By Rebecca Genders, Chartered Financial Planner, Client Experience Manager at Montgomery Charles
“I’ve been paying into a pension all my life because I was told it was ‘the right thing to do’ and now they’ve moved the goal posts… again!” – Sound familiar?
It all seems a bit unfair doesn’t it? The government encourages us to save into pensions, but then they won’t actually let us have the money we’ve saved. I mean, will we ever be able to access the money that is rightfully ours?
You may have planned your retirement around being able to draw pension income from 55 and feel your plans have now been foiled. Or maybe, for you, retirement just feels a long way off and as you’re “never going to be able to retire” why think about, or plan, for it now?
Either way, this article is for you!
So what’s it been moved to this time? – How old do you need to be to access your pensions?
At the moment, you are generally able to start drawing money your personal pensions from age 55.
It has already been legislated that the state pension age will be increasing to age 67 from April 2028 (i.e. for those born after 6th April 1961) but now the government are increasing the age people can take their hard-earned personal pensions as well.
They have stated that, initially, the minimum pension age will increase to 57, from April 2028. Then, as future state pension increases are made, the minimum pension age will also increase to remain 10 years below the state pension age.
To date, nothing has been finalised and unfortunately the government keep changing their mind about when you can take your state pension. As a result, it is still unclear how the increase to the minimum pension age will be implemented and whether it will be phased in or not.
If, for example, the minimum pension age is increased to 57 on 6th April 2028, with no transitional period, this would only affect those born after 6th April 1973. We will keep you updated as more information is announced.
Is there hope? – Will you be able to retire before your minimum pension age?
The good news is that you do not have to solely rely on pensions to fund your retirement. Even though the government restrict access to pension benefits there are many other investments which you could use to draw an income from instead.
As an example, if you build ISA savings you would able to access these funds at any time, bridging any gap between your planned retirement date and when pension income starts. The added bonus is that the income you receive from ISAs would be free of any UK taxes.

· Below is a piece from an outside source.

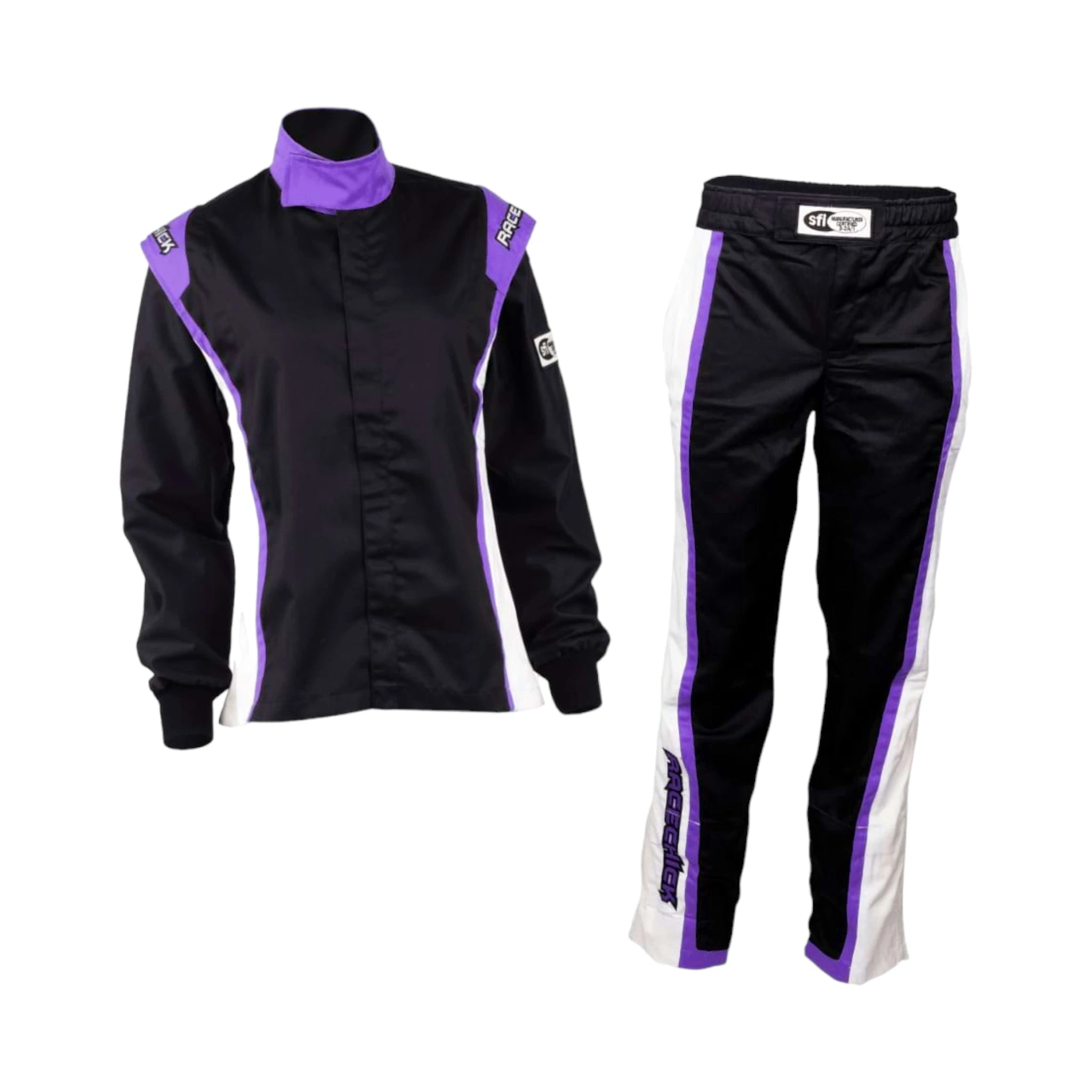 TRAJE DE CARRERAS AUTOMOTRICES DE DOS PIEZAS PARA MUJER RACECHICK FIERCE SFI 3.2A/1 (NEGRO/PÚRPURA)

It’s never too late or too early to start thinking about your retirement income, whether through pensions or alternative sources. The ball is still in your court, you can retire when you want to, irrespective of the age the government thinks we should be retiring.
Does that mean I should ignore pensions – Do they still have a place?
With pensions being tied up for so long it’s tempting to veto them altogether, but they should not be ignored!
You would be hard pressed to find the benefits they provide elsewhere. Not only do you get tax relief on investment (i.e. if you’re a higher rate tax payer you effectively just get given 40% of your contribution for free – winning!) but they are also free from inheritance tax. So future generations can continue to benefit from your pension funds without 40% inheritance tax being taken first.
Yes, it feels like we’ll never be able to retire, yes it’s frustrating but all is not lost! If you think ahead this Is no reason why can’t retire how you want when you want.